Minimizing risk, it suggests that expansion up to the \(j_0\) term is the best choice for current supernova data, regardless of the z-redshift or y-redshift. We also test the influence of the fiducial model on risk analysis. The comparison demonstrates that it is trivial. Although a previous F-test also obtained a similar result, our paper is not a repeated work using more data. Our analysis finds a deeper insight in the convergence issue. First, it not only can tell us the convergence problem is in the accuracy or the precision, but also can provide us more objective information about how serious the divergence problem is. Because if the crux lies in the accuracy, the convergence problem maybe still cannot be solved even though more data were included. Second, in previous work, most focus was on the pursuit of a “sweet spot”, which has masked the physical meaning of the y-redshift. In our study, we not only find it is influenced by the distribution of data, but also forecast whether future observations can solve the convergence problem. Our analysis in Fig. 8 and Sect. 5.1 also indicates that the dynamical measurement is a potential clue to solve this problem.
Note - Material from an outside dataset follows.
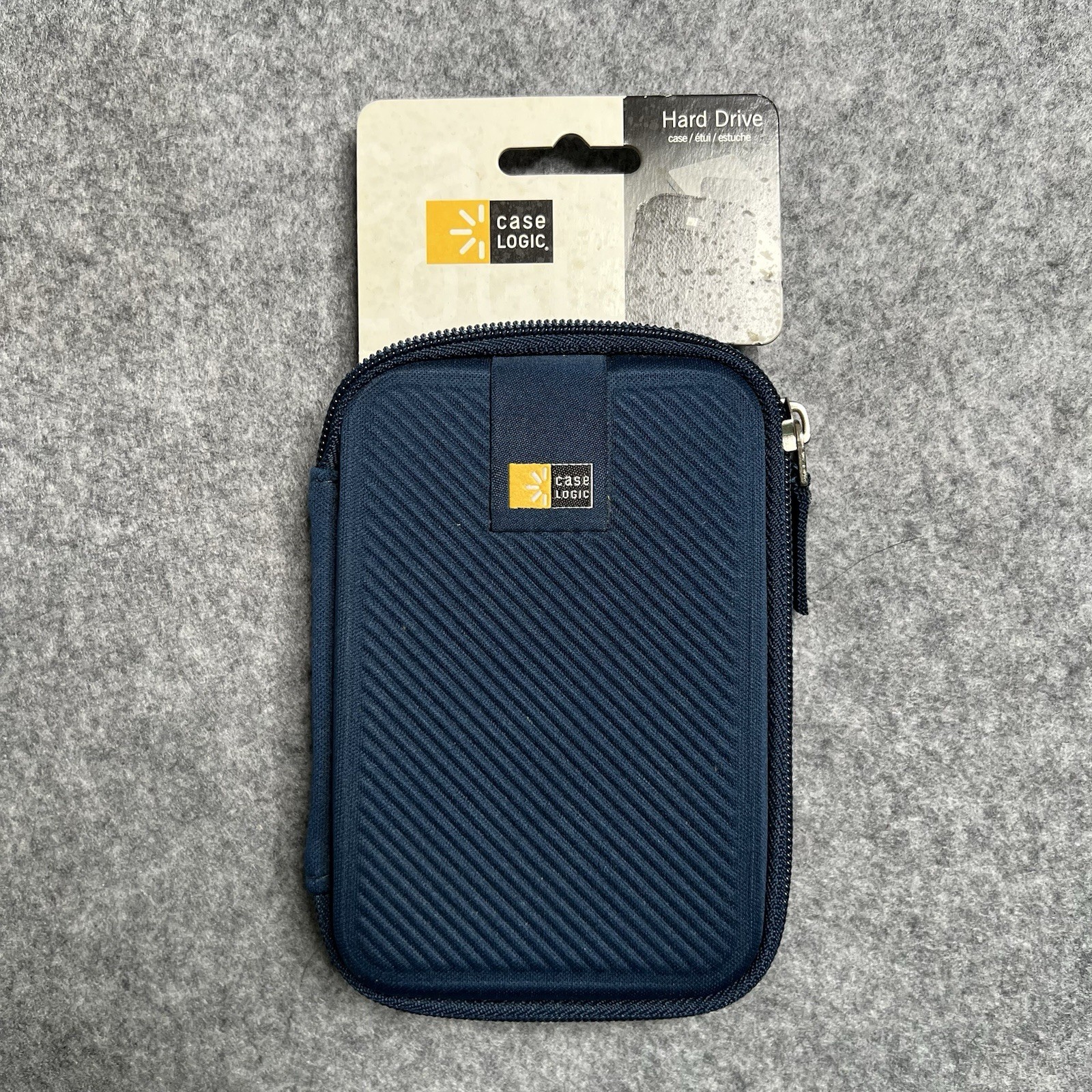 Case Logic Small Portable Hard Drive Zipper Storage Case Navy Blue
Our forecast finds that future WFIRST and redshift drift can significantly improve the constraints. Therefore, inclusion of dynamical measurement such as Hubble parameter data, redshift drift, etc. may be able to improve the constraint in accuracy and precision with high significance. As studied in our previous work [15], inclusion of the H(z) data can lead to stronger constraints on the cosmographic parameters. This discovery is helpful to understand or solve the convergence issue of supernova data. This is because a dynamical probe like the canonical redshift drift can provide direct measurement to the cosmic expansion history. While distance measurement is geometric. As studied in Ref. [63], the luminosity distance determines the EoS w through a multiple integral relation that smears out much information. For the redshift drift, it not only directly measures the change of Hubble parameter, but also can be realized via multiple wavebands and methods [37, 64]. Moreover, it is immune from extra systematic errors, and does not need photometric calibration, etc. Recently, a test in German Vacuum Tower Telescope demonstrates that the Laser Frequency Combs also have an advantage with long-term calibration precision, accuracy to realize the redshift drift experiment [65].
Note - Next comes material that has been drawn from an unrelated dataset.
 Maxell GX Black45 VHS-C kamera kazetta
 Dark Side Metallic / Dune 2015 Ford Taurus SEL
Our investigation also promotes the study of the values of cosmography. In previous work, most attention were focus on a special model. However, our analysis presents an almost undamaged map of dark energy. It breaks the limitation of extrapolation to other models. Setting the dark energy w(z) as free, we find that cosmography cannot give reliable estimations on q(z) and w(z). However, we find that it does not favor a constant EoS, but a complicated w(z), such as \(w(z) = -1 +w_a z + w_b z^2 + \cdots \), where \(w_a <0\) and \(w_b \ne 0\). These estimations are useful for modeling the dark energy.
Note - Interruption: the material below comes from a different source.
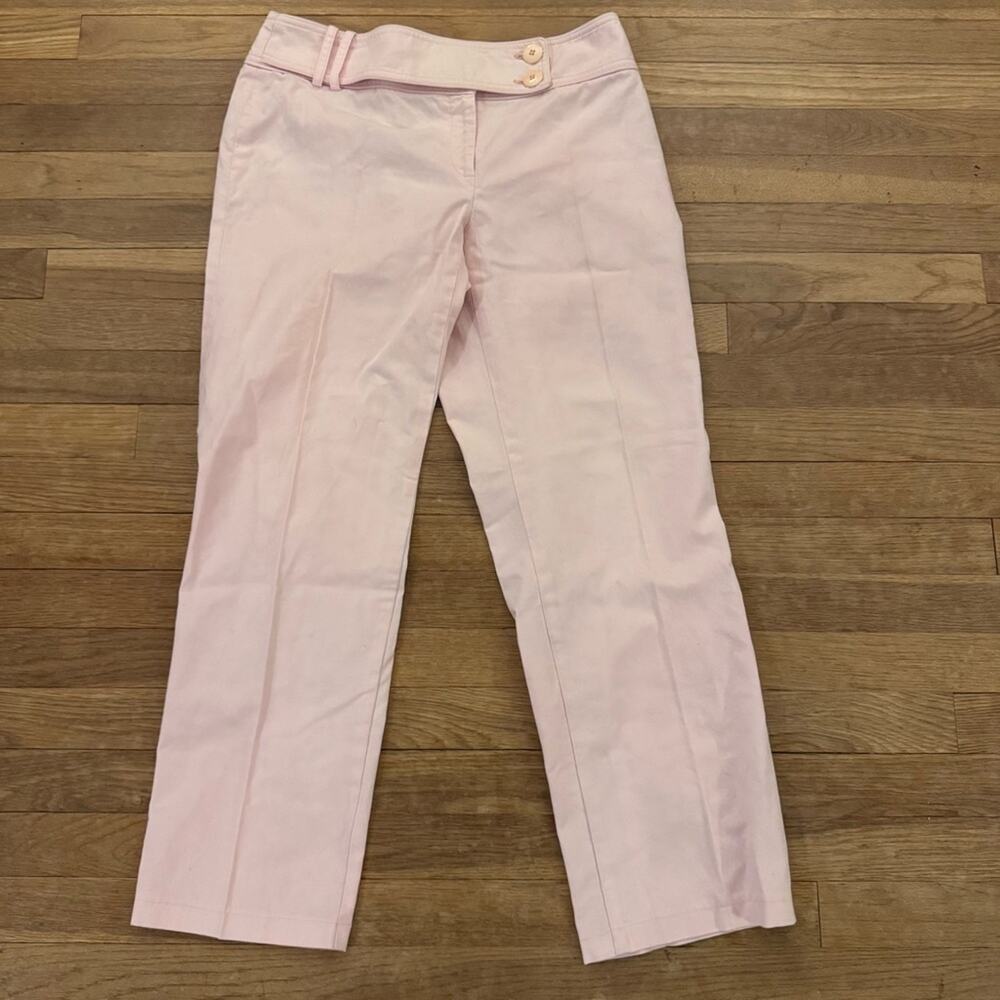 Apostrophe Women's Pink Straight Leg Pants - Size 10
 b54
Cosmography has been an useful tool with great potential to study the cosmology. For the dark energy, it was usually reconstructed by parametrization, such as the Chevallier–Polarski–Linder [66, 67], Jassal–Bagla–Padmanabhan [68]; or the non-parameterization, such as the Gaussian processes [55, 69], principal component analysis [60, 70]. Cosmography is another model-independent method to assess dark energy models. Moreover, cosmography has also been widely used in another fields, such as to test the power of supernova data [71]. Therefore, we have to say that cosmography is an important method to study the cosmology. Our study provides a straightforward and scientific reference. Of course, we will also devote ourselves to improving the cosmography study in our future work. We would like to study the influence of the inclusion of BAO and CMB data on cosmography. Throughout previous work, we find that many different observational data or combinations favor the best cosmography to second order. In our future work, we will also be interested in exploring their subtle relations to further understand the cosmography. Moreover, we also have an interest in improving the cosmographic problem by proposing some other physical redshift.